WORK ITEM. Copy out the entries that follow exactly, leaving every picture behind.

Records drawn from a dataset
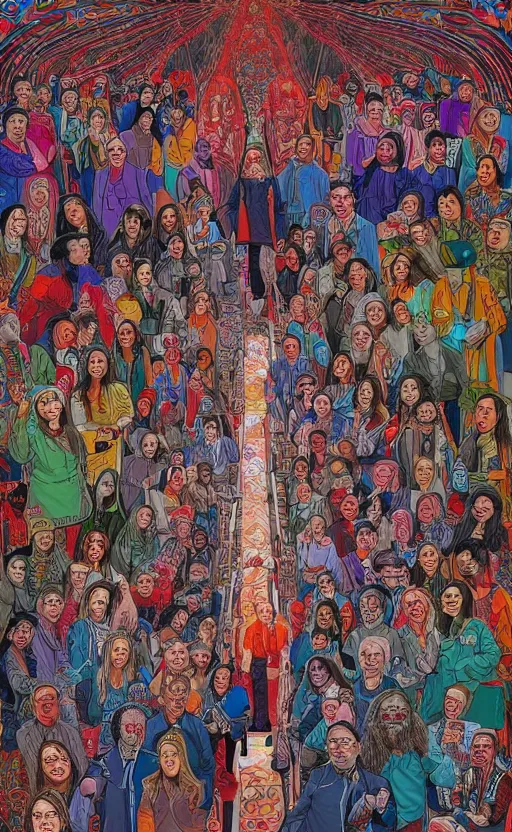 Image similar to a stimulating and psychedelic detailed intricate portrait of nurses and doctors on onlyfans at chernobyl in a church of bad vibes, by sixmorevodka studio. tibetan paintings. trending on artstation.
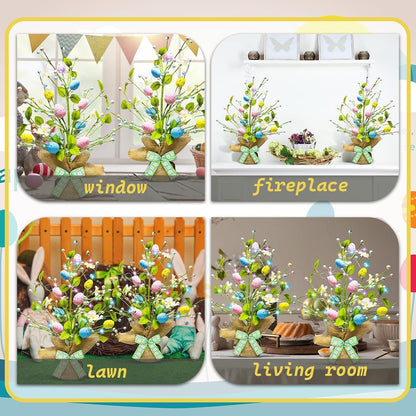 Skiennix Lighted Easter Egg Tree - 20'' Tabletop Decor with Timer | Artificial Centerpiece for Spring Home Decor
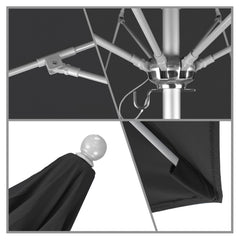 California Umbrella tela Olefin negra textura resistente a la decoloración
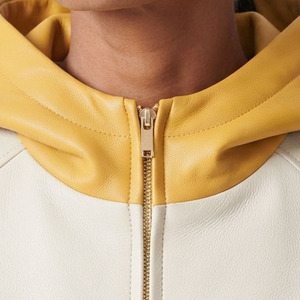 Hoodie en cuir court pour femme, avec fermeture éclair, style mode féminin - Product Image 4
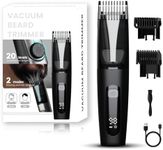 TEPOTZ Vacuum Beard Trimmer for Men, 40 Adjustable Lengths Dial, Smooth Ceramic Blade for Sensitive Skin,USB-C Grooming Kit-Matte Black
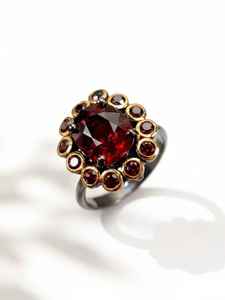 Bague en argent sterling avec grenat rouge de style victorien, certifiée IGI, bijoux de luxe pour mariage, fête, fiançailles - Product Image 3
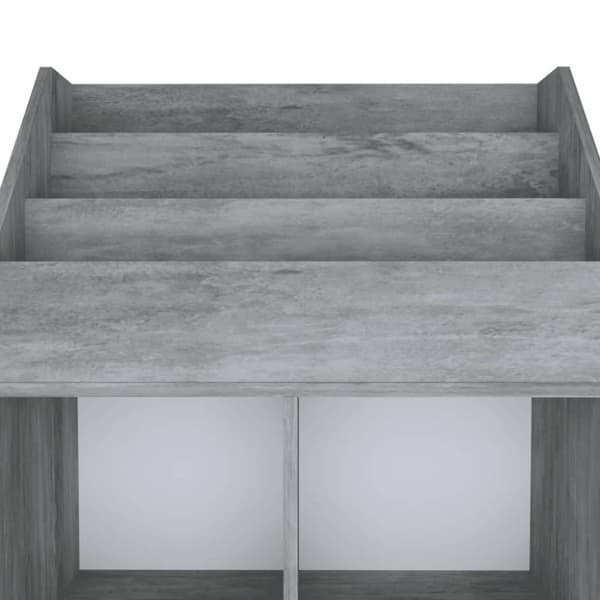 vidaXL Tidningsställ för barn betonggrå 71x30x114 cm spånskiva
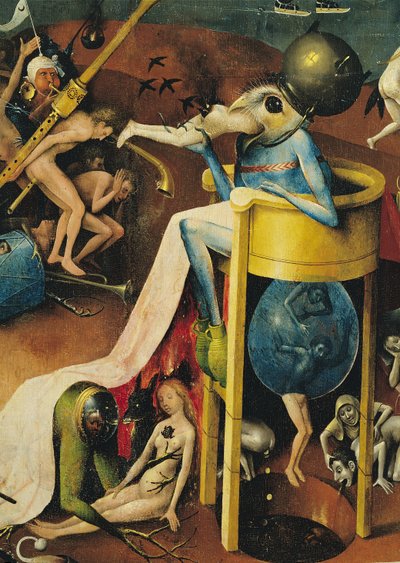 The Garden of Earthly Delights: Helvede, højre fløj af triptykon, detalje af blå fuglemand på en skammel, ca. 1500 (detalje af 3425) af Hieronymus Bosch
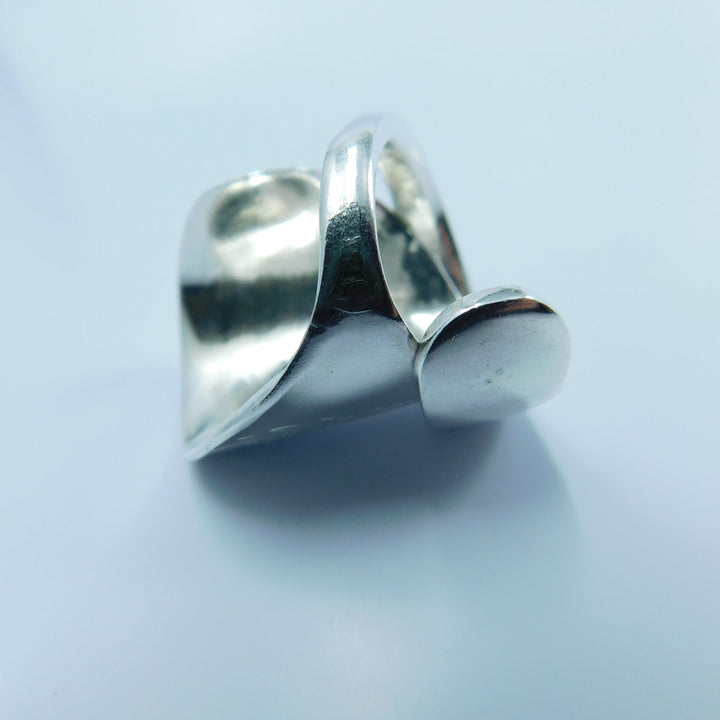 Engraved Tree of Life Silver Whole Demitasse Spoon Ring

THE COMPLETED TASK.
 Image similar to a stimulating and psychedelic detailed intricate portrait of nurses and doctors on onlyfans at chernobyl in a church of bad vibes, by sixmorevodka studio. tibetan paintings. trending on artstation.
 Skiennix Lighted Easter Egg Tree - 20'' Tabletop Decor with Timer | Artificial Centerpiece for Spring Home Decor
 California Umbrella tela Olefin negra textura resistente a la decoloración
 Hoodie en cuir court pour femme, avec fermeture éclair, style mode féminin - Product Image 4
 TEPOTZ Vacuum Beard Trimmer for Men, 40 Adjustable Lengths Dial, Smooth Ceramic Blade for Sensitive Skin,USB-C Grooming Kit-Matte Black
 Bague en argent sterling avec grenat rouge de style victorien, certifiée IGI, bijoux de luxe pour mariage, fête, fiançailles - Product Image 3
 vidaXL Tidningsställ för barn betonggrå 71x30x114 cm spånskiva
 The Garden of Earthly Delights: Helvede, højre fløj af triptykon, detalje af blå fuglemand på en skammel, ca. 1500 (detalje af 3425) af Hieronymus Bosch
 Engraved Tree of Life Silver Whole Demitasse Spoon Ring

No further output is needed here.